By The Reverend Published: July 4, 2008

Just in case you have forgotten, or perhaps never heard one talk before, the following is what a true American patriot sounds like....

“I’m pleased we were able to delay a vote on FISA until after the July 4th holiday instead of having it jammed through," said Sen. Russ Feingold (D-Wis.), who had been leading the effort to oppose the bill along with Sen. Chris Dodd (D-Conn.).

"I hope that over the July Fourth holiday, senators will take a closer look at this deeply flawed legislation and understand how it threatens the civil liberties of the American people. It is possible to defend this country from terrorists while also protecting the rights and freedoms that define our nation,” Feingold added. Link

A true American patriot doesn't wrap himself up in the flag while speaking glowingly about war. A true American patriot defends the Constitution and the laws of the United States of America. Any talk at all about patriotism which avoids mention of faithfulness to the laws and Constitution of America isn't even worth listening to.

A federal judge in California said Wednesday (two days ago) that the wiretapping law established by Congress (in 1978) was the “exclusive” means for the president to eavesdrop on Americans, and he rejected the government’s claim that the president’s constitutional authority as commander in chief trumped that law.

The judge, Vaughn R. Walker, the chief judge for the Northern District of California, made his findings in a ruling on a lawsuit brought by an Oregon charity. The group says it has evidence of an illegal wiretap used against it by the National Security Agency under the secret surveillance program established by President Bush after the terrorist attacks of Sept. 11, 2001.

“Congress appears clearly to have intended to — and did — establish the exclusive means for foreign intelligence activities to be conducted,” the judge wrote. “Whatever power the executive may otherwise have had in this regard, FISA limits the power of the executive branch to conduct such activities and it limits the executive branch’s authority to assert the state secrets privilege in response to challenges to the legality of its foreign intelligence surveillance activities.” Link

Much has been said about the telecom immunity portion of H.R. 6304....but the provision legalizing the wholesale vacuuming up of American's electronic communications without probable cause or warrants, or even any meaningful far more troubling.

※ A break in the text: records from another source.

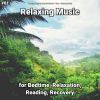 Download track Relaxing Music, Pt. 76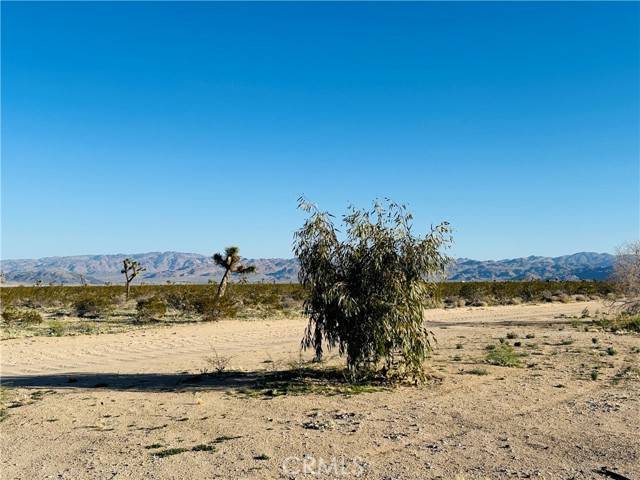 Joshua Tree, CA 92252,1974 Sunset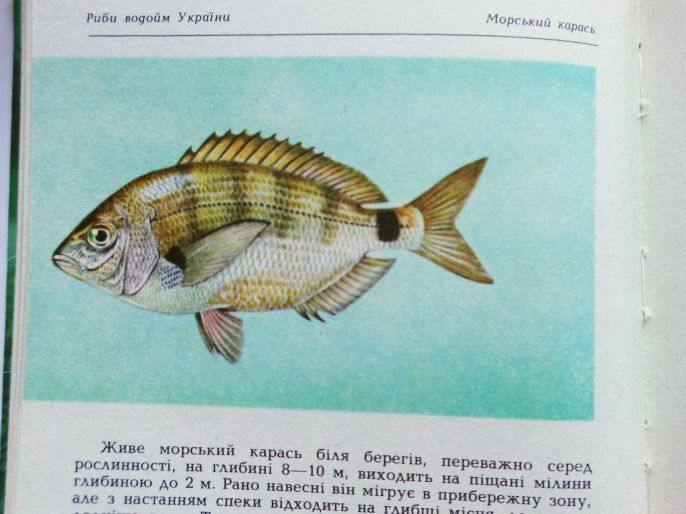 Риби наших водойм (9).jpg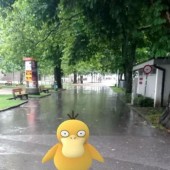 Arbö warnt vor Pokémon im Straßenverkehr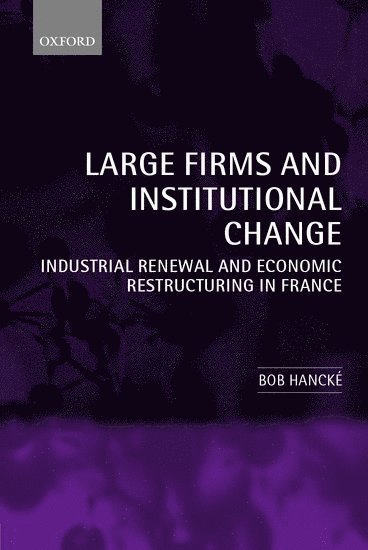 bokomslag Large Firms and Institutional Change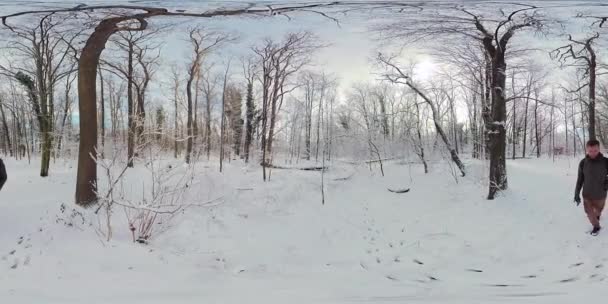 Πάρτε Μια Ειρηνική Βόλτα Μέσα Από Ένα Χιονισμένο Δάσος Αυτό — Αρχείο Βίντεο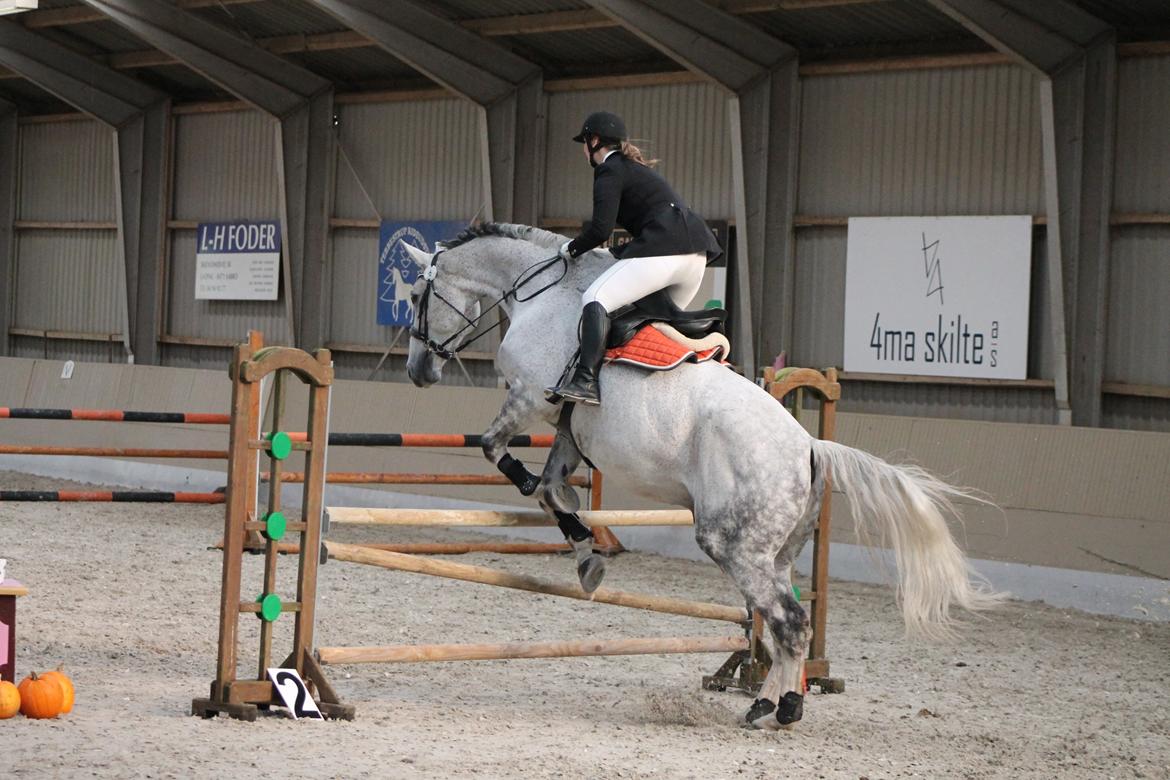 Stævne på Hadsten Ridecenter billede 16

...the old FISA allowed NSA to conduct a wiretap for up to 72 hours while waiting for FISA approval. The new bill extends this to a week, allows the surveillance to continue during appeals, and permits the government to use any of the information it collects even if the FISA court eventually rules that the tap is unlawful. This pretty obviously opens the door to some fairly serious abuse in the future.

We're tapping the phones of anyone who fits a hazy and seldom accurate profile that NSA finds vaguely suspicious, a profile that inevitably includes plenty of calls in which one end is a U.S. citizen. But the new FISA bill doesn't require NSA to get a warrant for any of these individuals or groups, it only requires a FISA judge to approve the broad contours of the profiling software.

...the decision about which U.S. citizens to spy on is being vested in a small group of technicians operating in secret and creating criteria that virtually no one else understands. Link

Today is Independence Day, a day commemorating our nation's declaration of independence from British rule. Fireworks, flag waving, lofty speeches, quotable quotes....will all be part of this commemoration.

Noticeable by it's absence will be much, if any, serious discussion about how a nation that prides itelf on a Constitutional form of independent rule has become so dependent, recently, on the whims of men rather than established American law.

Today we celebrate Independence week the Senate will pass a bill, basically rejecting the rule of law and the 4th amendment to the Constitution pertaining to government spying on Americans.

That's not Independence. That is Dependence on men.